The next ice age could be delayed by tens of thousands of years due to excessive amounts of heat-trapping carbon dioxide in the atmosphere, which disrupts Earth’s natural cycle of warming and cooling, according to a study in Nature Geoscience.
Researcher Jim Channell analyzed ice core and marine sediment data from one million years of geologic history.
Channell, a distinguished professor of geology at the University of Florida, says one period, around 780,000 years ago, is remarkably like the one today.
“It looks very similar because the orbital characteristics of the Earth, which is known from astronomers, is a dead ringer for the orbital states that we have today. And we can use that as an analog to say, ‘When will our interglacial state, which we’re in right now, go into the next glacial period?’”
Those orbital features – how the Earth revolves around the sun, the shape of its orbit, the tilt and wobble of the Earth on its axis – undergo long, cyclical changes. Those changes directly affect the amount of radiation Earth receives from the sun, which in turn affects the climate.
Based on these natural cycles, the current warming period should end within 1,500 years. Channell says what’s different from 780,000 years ago is that carbon dioxide levels in the atmosphere back then were 240 parts per million, compared with 390 parts per million today.
“And so we can be fairly sure that we have, whether we like it or not, delayed the possibility that we will revert from our
present interglacial into a glacial state.”
Channell says the findings underscore the dramatic effect of carbon dioxide – released by the burning of fossil fuels in our cars, power plants and buildings – on the Earth’s natural climatic systems.
“In other words, the orbital characteristics of the Earth, which [determine] the amount of radiation which over millions of years have controlled the climate state on Earth, are no match for these excessive levels of CO2 in our atmosphere,” said Channell.
Cooling that would naturally occur in response to changes in the Earth’s solar orbit simply cannot keep up.
While a delayed ice age may sound like good news, Channell says, it isn’t.
The high concentration of heat-trapping greenhouse gases in the atmosphere is beginning to destabilize ice sheets in Greenland and Antarctica.
“Once you slough off the continental ice into the ocean, of course the consequence is sea level rise,” said Channell.

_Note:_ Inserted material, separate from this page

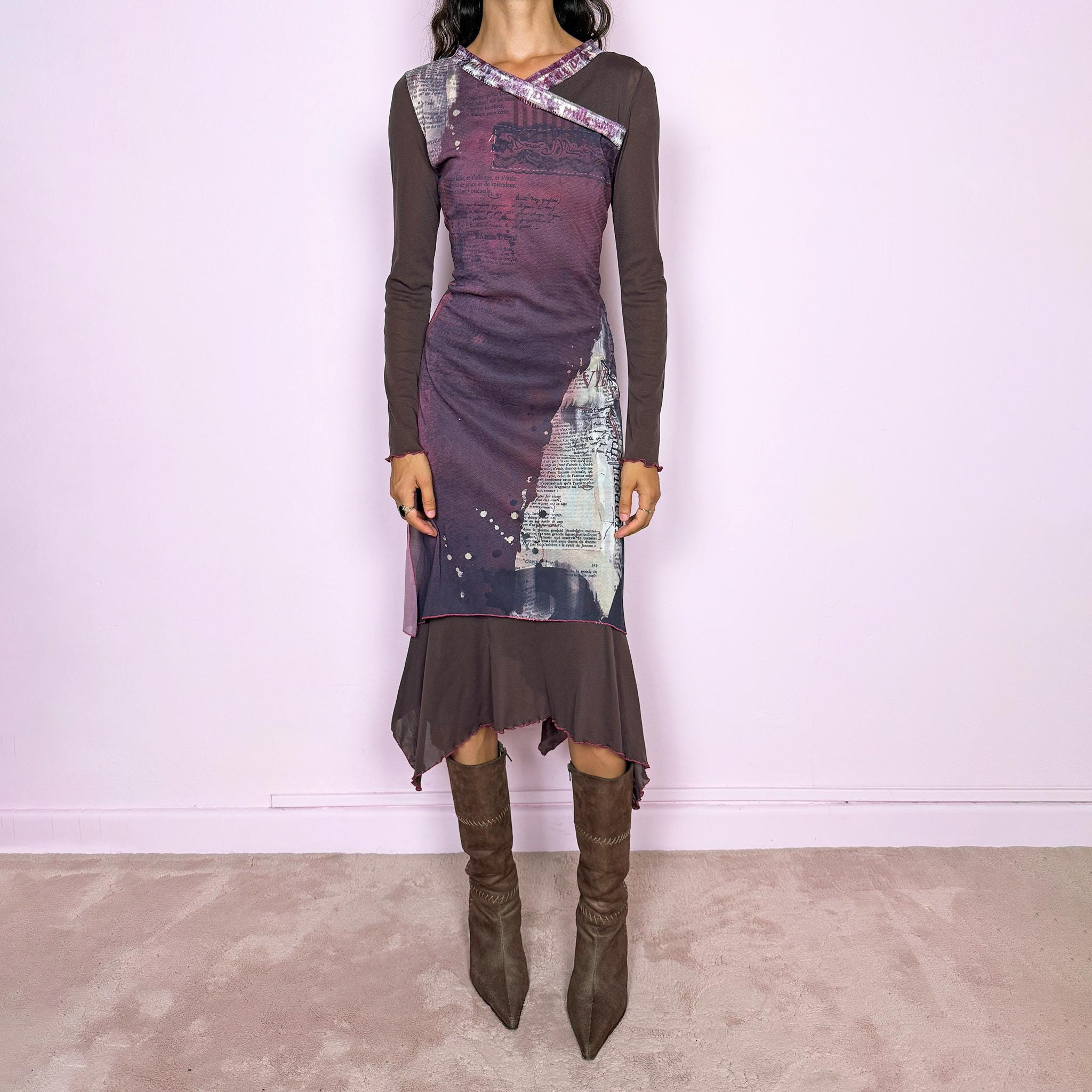 Vintage 2000s avant-garde stretchy mesh dress featuring an abstract layered graphic print in purple and cream tones, with contrasting brown semi-sheer long sleeves, asymmetric neckline detailing, and a dramatic irregular layered hem. The deconstructed style has a distinctly Y2K art-to-wear feel. Made in France by a French brand from polyamide and polyester. Excellent vintage condition.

“And it’s not being, I think, over-dramatic to say that considering the proportion of the world’s population that lives close to sea level, the implications of this sort of accelerated sea level rise are enormous,” he said.
Channel says those ice sheets are expected to continue to melt until the next phase of cooling begins. And when that will be is now in serious doubt. Sea levels have risen about 200 feet in the last 10,000 years.